Documented dreamers are those individuals who were brought to the US when they were kids. Their parents entered the US legally on non-immigrant visas such as the H-1B. When these children age out (turn 21), they can no longer continue with their H-4 dependent visas and have to transition to an international student visa or self-deport to their home country.
The huge backlog for employment-based green cards, which runs into several decades for Indians means that the Indian diaspora is adversely impacted and many families are torn apart.
This amendment proposed by Congresswoman Deborah Ross and co-sponsored by Mariannette Miller-Meeks seeks to protect children who face deportation when they age out, by fixing gaps in the immigration system and by addressing serious flaws in the Child Status Protection Act (CSPA).
The child’s age will be frozen based on when a parent’s first employment-based green card application was initiated.

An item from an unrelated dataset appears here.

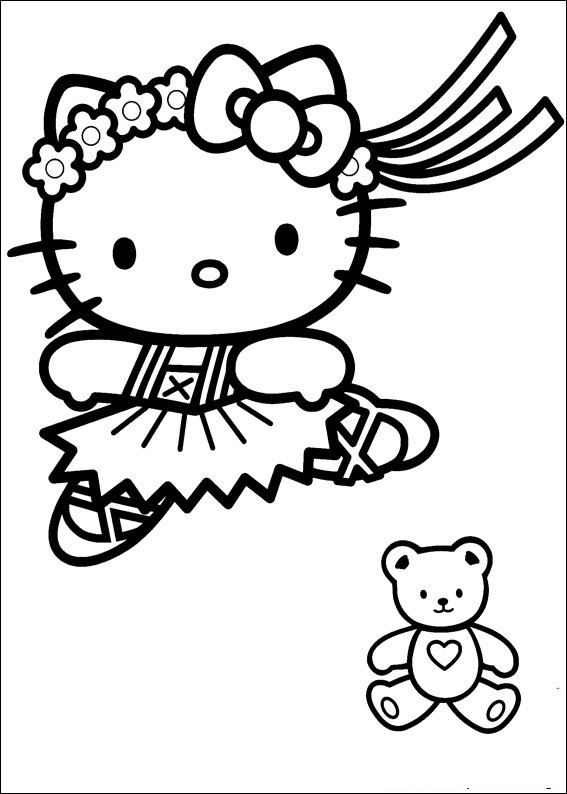 hello kitty para colorir bailarina urso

It will protect young adults who have been in the US as dependent children for at least eight years by allowing them to remain dependents on their parent’s employment-based non-immigrant visa after age 21 until a visa number for their parent’s green card becomes available or until they are able to obtain another status. It also seeks to provide employment authorization to those children covered by age out protections.
These amendments are similar to the America’s Children Act, but immigration experts are of the view that the amendment has a better chance of passage than stand-alone bills.
According to an earlier study done by David Bier, a research fellow at Cato Institute, as of April 2020, 1.36 lakh children from Indian families were caught in the EB2 and EB3 employment based green card category backlog, which had an estimated wait time of 84 years. Bier had pointed out that 62% of such children would age out without getting a green card.

Voices on the amendment:

“Documented Dreamers represent the very best of America and contribute in significant ways to our national security,” said Congresswoman Ross. “…I am incredibly proud that this amendment has passed the House, and I will continue working with my colleagues in the Senate to get it across the finish line,” she added.
“I am proud to see the House pass this bipartisan measure to protect young dependents of long-term visa holders who have grown up in the US and have come here legally,” said Congresswoman Miller-Meeks. “These dependents, including some of my constituents, come here legally as young children. They grow up in the US, study here, and call this place home. Unfortunately, due to a broken immigration system and a decades long backlog, many of them are forced to leave. When these individuals are forced to leave, it is a loss to America’s communities and employers. I look forward to working with my colleagues in the House and Senate to pass this provision into law and support legal immigration.”
“Today’s bipartisan passage of Congresswomen Deborah Ross and Miller-Meeks’ provision to permanently end aging out is the most significant milestone yet for our movement,” said Dip Patel, Founder of Improve the Dream.
“…We urge the Senate to include this provision in the final bill. Delay in taking action will not only lead to tearing more families apart, but also continue to hurt American communities. Passage of this provision reaffirms that America welcomes those who are drawn toward its ideals, and that by empowering people to tap into their talents and ambitions, the American dream grows more attainable for everybody,” added Patel.